Ok, so I bought the book, "Thin for Life" and I was reading it just now before bedtime but thought I would post this question. The third "key to success" in the book is, "Do it your way"...and one of the questions it asks is, "What works for you?" Basically it tells you to make 2 lists - one list of things that WORKS for you to lose weight and one list of things that you've done that does NOT work for you. I'm sure I will keep adding to my list as I can only think of a few. Here is the list that is an EXAMPLE from the book - following will be MY lists - and I'd be extremely interested in knowing all of your answers!!!
EXAMPLE FROM BOOK:
What worked:
1. occasionally having a treat
2. having 3 meals a day
3. saving up calories for parties
4. limiting red meat
5. packing my lunch the night before
What didn't work:
1. strict dieting
2. skipping lunch
3. denying myself bread
4. eating grapefruit 5 times a day
HERE ARE MY ANSWERS:
What works for me / Ultimategurrl:
1. keeping a weight loss journal with various things, such as before & after pics, a calander with a star on each day when I exercise, inspiring quotes, etc.

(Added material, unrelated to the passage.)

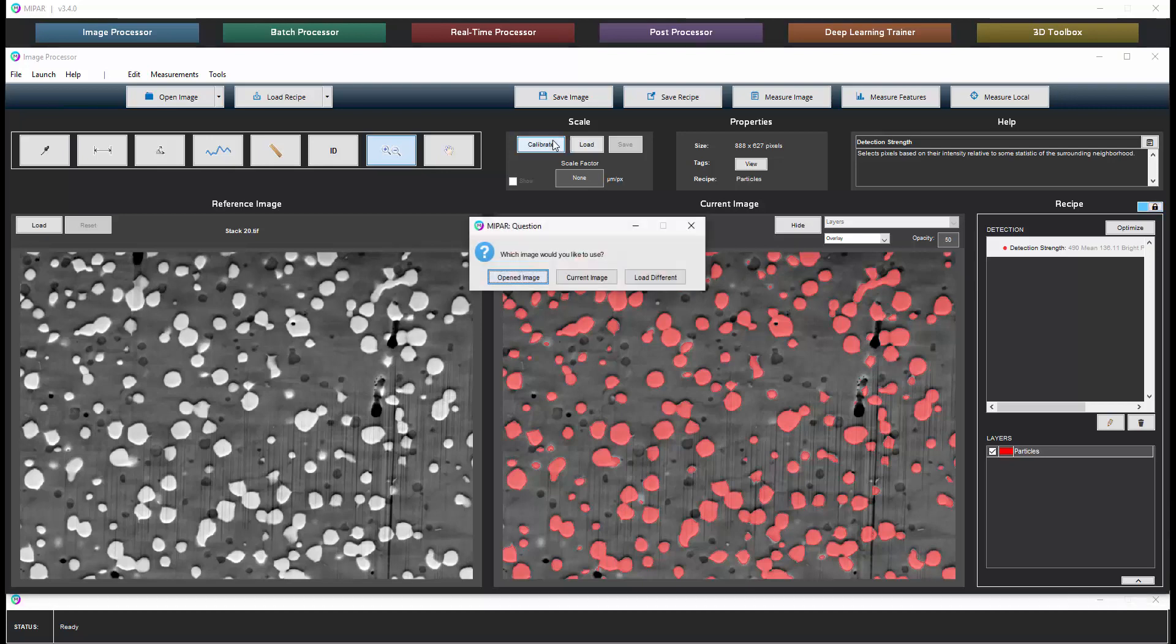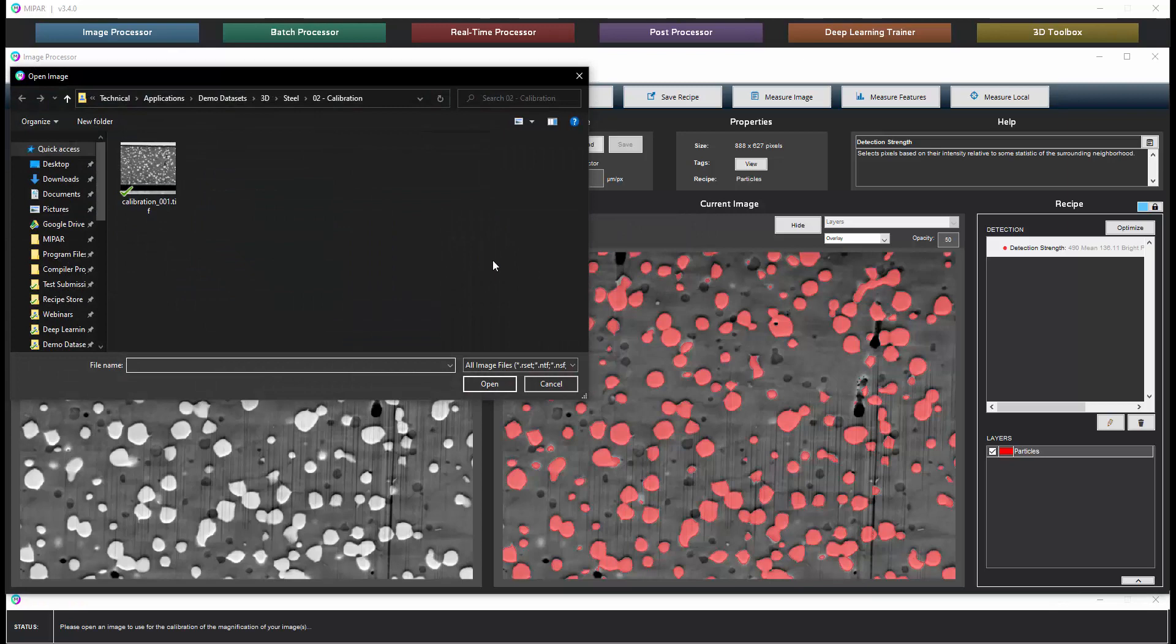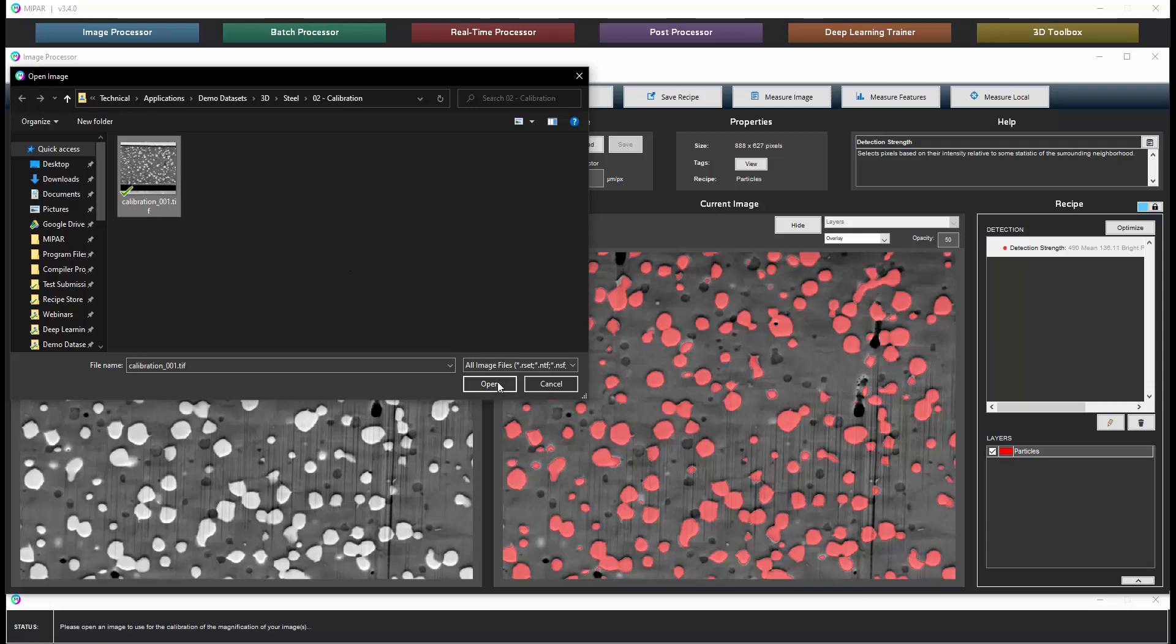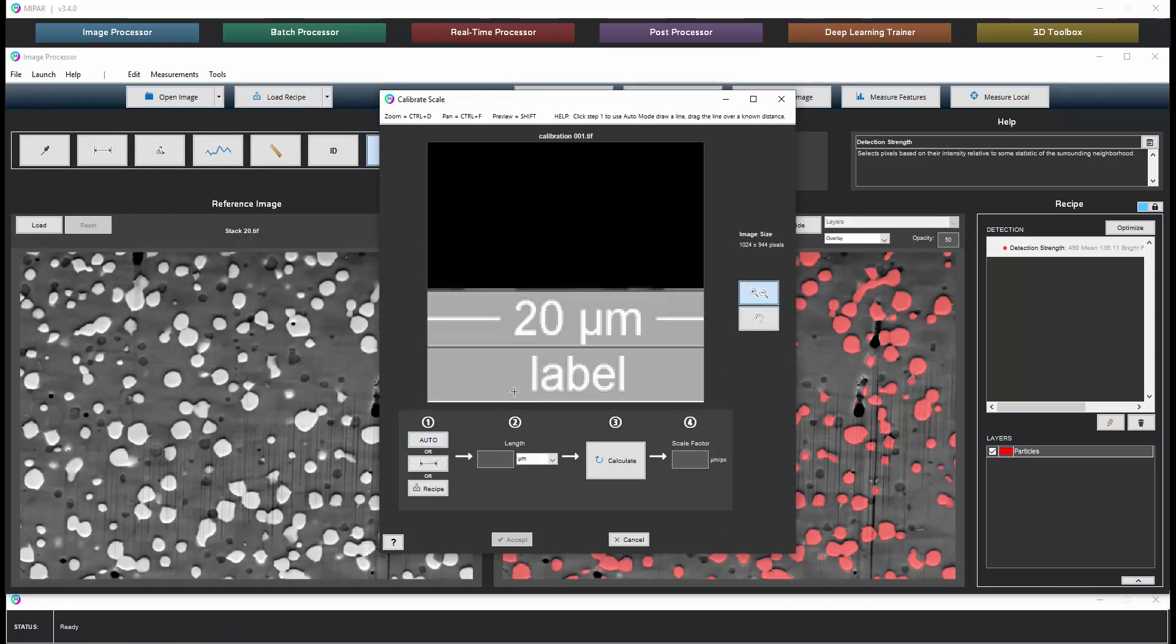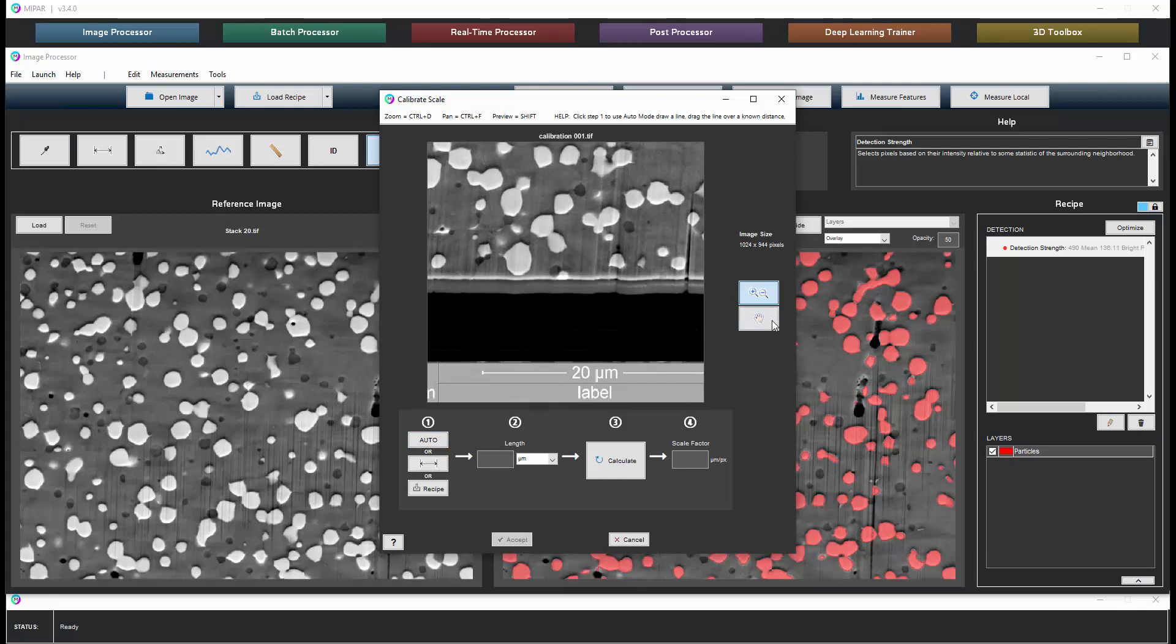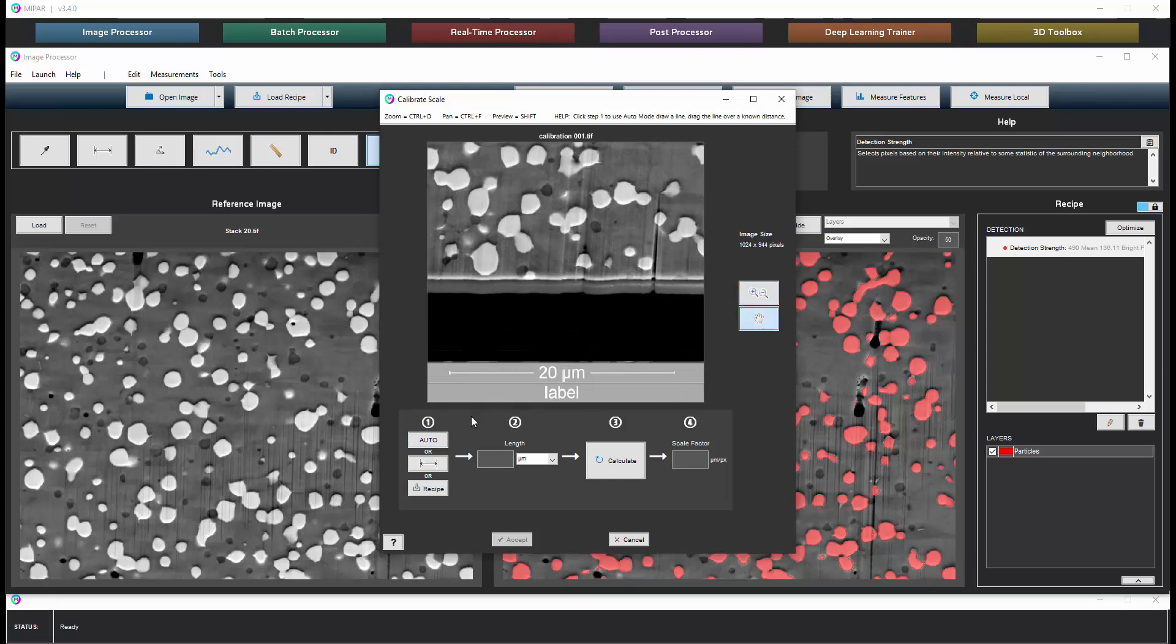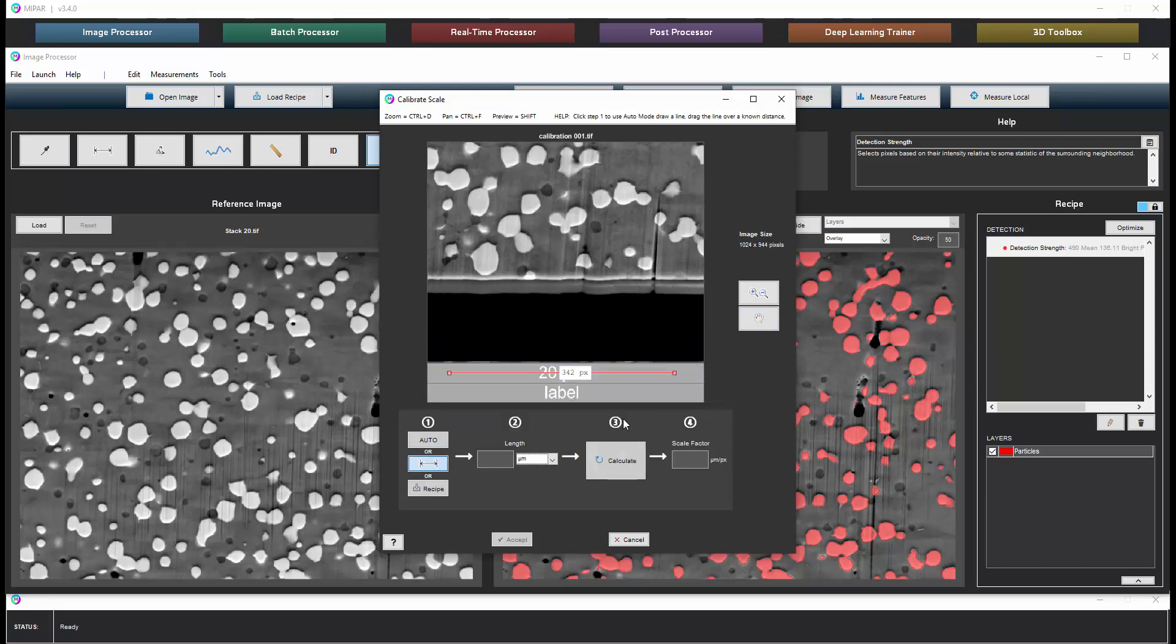So I'm going to click calibrate, choose load different because this particular slice doesn't have a scale bar. I'm going to choose one that does. And we can use the auto function to automatically find the scale bar so that we can set the scale factor. So it finds the bar, we tell it this is 20 microns. Now we have our X, Y scale factor.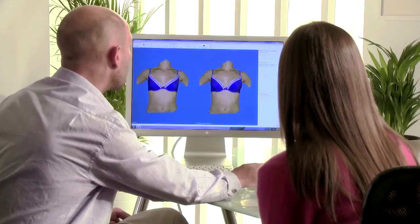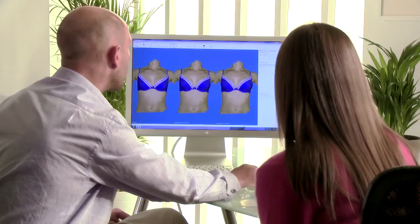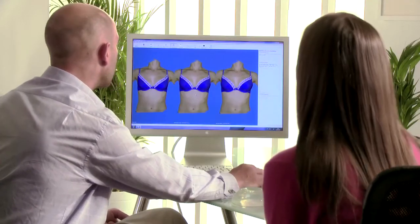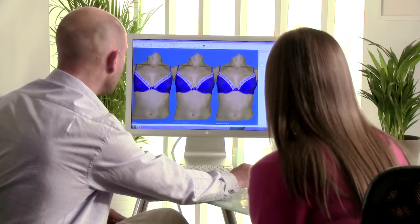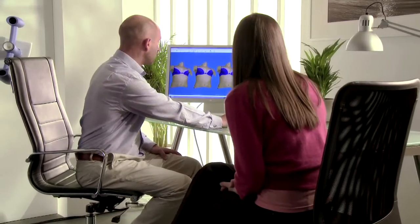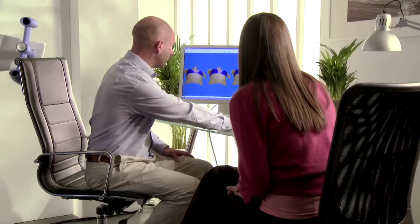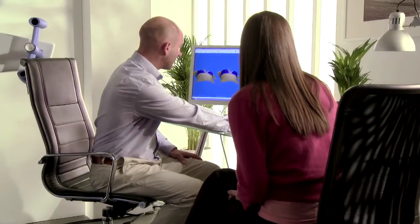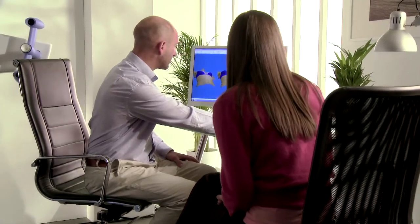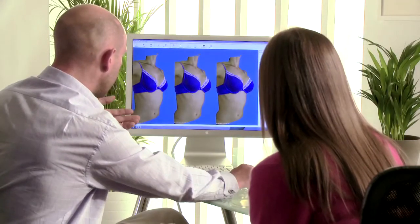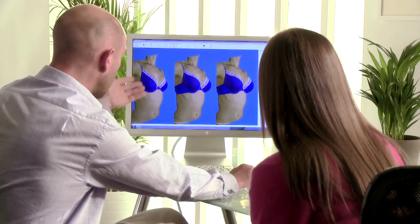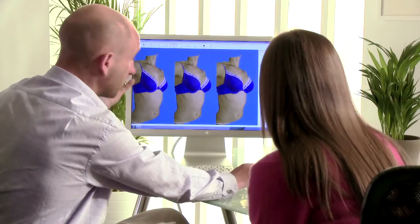Multiple simulations can be created quickly. Show and compare how different implants react within the body, viewing as many as six options on a screen at one time. Visual differences become very obvious, making the consultation more efficient, requiring less time and fewer resources.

2. packing my lunch the night before
3. re-packaging things such as chips, mini rice cakes, etc...into ziplock bags into the portion size it should be.
4. exercising at the gym at NIGHT after work.
5. using my food scale & measuring cups / spoons
6. eating breakfast before work (usually about 5 pts at 5:30 a.m.) - eating
a small snack during my first break at 9 a.m. (usually about 4 pts) - eating
lunch during my second break at noon (usually about 5 pts) - having a 2 pt
snack when I get home from work (anywhere between 2 & 5 p.m.
depending on overtime) going to work out at the gym - then eating dinner
(usually about 10 points) and dessert (2 pts) before bed.
7. keeping low fat chocolate granola bars in the house (2 pts)
8. making sure I have SOMETHING sweet after my lunch meal - like 1 pt worth of chocolate usually.
9. allowing myself a candy bar at LEAST once a week - normally reeses pb cups.
What doesn't work:
1. not allowing myself ANY type of chocolate at all - i WILL end up binging.
2. not taking a snack for my 9 a.m. break - i will usually end up taking money out of the ATM and buying something unhealthy in the cafeteria.
3. not allowing allowing myself starbucks every now and again (hey, it's what flexpoints are for!! lol)
4. eating the SAME foods all the time. i LOVE trying new recipes.
Now i'd love to hear from everyone else!